On Tuesday, Sean Spicer held his first press briefing in two weeks, following Donald Trump’s first trip abroad as president. It didn’t go well.
As became increasingly clear during the briefing, Spicer no longer has a handle on the White House’s collapsing definition of “fake news.” One minute, it was anonymous sources in news media (except when they talked to Fox). The next, it was factually incorrect tweets (except when they’re about climate change). Spicey should be pretty good at his job by now, which simply requires him to provide an unrelenting defense of Trump’s tweets, whether he agrees with them or not. But after weeks of dismissing all bad press as fake news, even Spicer seemed unsure what the president’s favorite epithet was supposed to mean.
Trump is expected to make a decision on the Paris Agreement this week, an intentional commitment to reduce carbon emissions along with 146 other member states. Instead of asking about the international consequences of withdrawal, a reporter asked Spicer whether Trump believes climate change is a result of human activity, a claim he famously denied on Twitter and has since doubled down on. Spicey simply dodged the question, as if Trump isn’t responsible for shaping the environmental policy of the world’s second largest carbon emitter. Is it “fake news” to say Trump is a climate denier?
Spicey was also asked to explain two Trump tweets that directly contradicted positions the White House has taken on healthcare and the media. Last week, Trump tweeted he wanted to “add more dollars” to the Republican healthcare plan, the Affordable Health Care Act, even though the AHCA was specifically designed to reduce the amount of money the government spends on insurance.
Spicey said that the president has “been very clear” on the topic (obviously he hasn’t) and would “do whatever it takes to make sure that people have quality and accessible healthcare.” So what’s true? That Trump wants the AHCA to cover more people, thus requiring more federal money? Or that the AHCA is designed to reduce the federal deficit, as Paul Ryan has said, meaning Trump’s tweet was completely off-base?
Recently, Trump tweeted that news stories that reference anonymous, unnamed sources are “fake news,” in reference to reports that Jared Kushner tried to set up improper “backchannel communications” with Russia. But when a reporter pointed out that Trump retweeted a Fox debunk of the backchannel claim that was itself sourced from an unnamed insider, Spicer had to explain why Trump promoted one story with an anonymous source while dismissing another. Spicer, being careful not to confirm or deny the report, said the question assumed “a lot of facts that are not substantiated by anything but anonymous sources that are so far being leaked out.” So anonymous sources aren’t fake news? Or are they?
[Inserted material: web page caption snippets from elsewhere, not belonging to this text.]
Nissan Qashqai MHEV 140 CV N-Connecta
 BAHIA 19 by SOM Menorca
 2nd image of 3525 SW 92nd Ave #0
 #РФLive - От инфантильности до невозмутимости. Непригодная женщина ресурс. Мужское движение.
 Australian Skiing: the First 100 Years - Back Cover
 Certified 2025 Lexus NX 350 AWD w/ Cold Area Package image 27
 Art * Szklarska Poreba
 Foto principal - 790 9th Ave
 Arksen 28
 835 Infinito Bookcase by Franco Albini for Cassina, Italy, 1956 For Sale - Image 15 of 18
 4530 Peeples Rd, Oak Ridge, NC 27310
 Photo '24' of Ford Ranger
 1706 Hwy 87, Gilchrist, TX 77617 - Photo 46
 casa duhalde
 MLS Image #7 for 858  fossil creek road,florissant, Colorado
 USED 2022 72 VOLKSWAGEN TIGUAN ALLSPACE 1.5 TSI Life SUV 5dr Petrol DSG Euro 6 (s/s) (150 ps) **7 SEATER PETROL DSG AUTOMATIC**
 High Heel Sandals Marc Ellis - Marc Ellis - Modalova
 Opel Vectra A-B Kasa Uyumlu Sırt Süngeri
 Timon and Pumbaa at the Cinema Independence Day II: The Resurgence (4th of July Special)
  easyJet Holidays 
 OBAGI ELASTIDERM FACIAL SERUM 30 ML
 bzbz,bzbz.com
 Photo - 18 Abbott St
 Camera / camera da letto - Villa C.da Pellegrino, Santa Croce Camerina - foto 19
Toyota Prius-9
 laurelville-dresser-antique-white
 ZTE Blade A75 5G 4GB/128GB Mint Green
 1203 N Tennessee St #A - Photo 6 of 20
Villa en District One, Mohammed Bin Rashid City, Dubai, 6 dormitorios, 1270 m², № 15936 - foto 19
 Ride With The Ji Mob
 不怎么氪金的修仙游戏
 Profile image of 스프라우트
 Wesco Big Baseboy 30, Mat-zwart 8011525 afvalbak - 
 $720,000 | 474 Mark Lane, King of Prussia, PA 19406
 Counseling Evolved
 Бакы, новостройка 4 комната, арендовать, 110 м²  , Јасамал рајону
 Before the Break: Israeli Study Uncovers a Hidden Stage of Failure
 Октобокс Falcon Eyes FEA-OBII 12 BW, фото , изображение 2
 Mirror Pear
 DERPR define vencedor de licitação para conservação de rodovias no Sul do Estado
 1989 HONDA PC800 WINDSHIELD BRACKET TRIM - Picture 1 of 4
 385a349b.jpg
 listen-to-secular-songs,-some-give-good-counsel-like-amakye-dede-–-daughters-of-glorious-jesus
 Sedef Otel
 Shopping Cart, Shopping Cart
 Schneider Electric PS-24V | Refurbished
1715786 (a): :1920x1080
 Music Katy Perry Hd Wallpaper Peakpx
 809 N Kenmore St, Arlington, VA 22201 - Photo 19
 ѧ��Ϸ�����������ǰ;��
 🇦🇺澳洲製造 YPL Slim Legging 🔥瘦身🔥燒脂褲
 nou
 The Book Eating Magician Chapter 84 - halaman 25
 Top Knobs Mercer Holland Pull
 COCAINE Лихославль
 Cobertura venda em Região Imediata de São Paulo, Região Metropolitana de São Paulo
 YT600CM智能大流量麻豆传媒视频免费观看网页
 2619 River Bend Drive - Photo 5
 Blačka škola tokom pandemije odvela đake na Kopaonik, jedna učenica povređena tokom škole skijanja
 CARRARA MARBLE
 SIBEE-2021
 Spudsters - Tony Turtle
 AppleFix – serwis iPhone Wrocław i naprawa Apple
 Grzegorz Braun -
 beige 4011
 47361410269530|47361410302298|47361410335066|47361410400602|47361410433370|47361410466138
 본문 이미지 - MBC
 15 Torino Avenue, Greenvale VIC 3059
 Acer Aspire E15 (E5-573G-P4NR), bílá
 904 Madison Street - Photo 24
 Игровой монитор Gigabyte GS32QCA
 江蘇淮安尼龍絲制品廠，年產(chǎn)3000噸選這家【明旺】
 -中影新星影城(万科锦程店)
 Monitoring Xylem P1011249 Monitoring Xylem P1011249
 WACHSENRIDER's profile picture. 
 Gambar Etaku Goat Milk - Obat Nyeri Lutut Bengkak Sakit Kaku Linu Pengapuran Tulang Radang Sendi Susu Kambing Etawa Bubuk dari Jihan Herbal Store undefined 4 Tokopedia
After spending an hour railing against it, however, Spicer bizarrely struggled to give a single clear example of fake news. When asked to name a fake news story, Spicer pointed to a tweet from a BBC reporter claiming that Trump didn’t wear a translation earpiece during the Italian Prime Minister’s G7 speech. Trump was wearing one, it was just an in-ear piece. When CNN’s Jim Acosta pointed out that that was a tweet an not an actual article, Spicey got testy:
Of course, if Spicer really thinks that false tweets are fake news, then that would make his boss the world’s most prolific publisher.
Despite all the lazy cynicism and obfuscation Spicer employed in his halfhearted defenses, however, one line from the briefing may have been the truest statement we’ve ever heard from the Press Secretary yet:
“The best messenger is the president himself, he’s always proven that.”
On that point, Spicey, I think we can agree.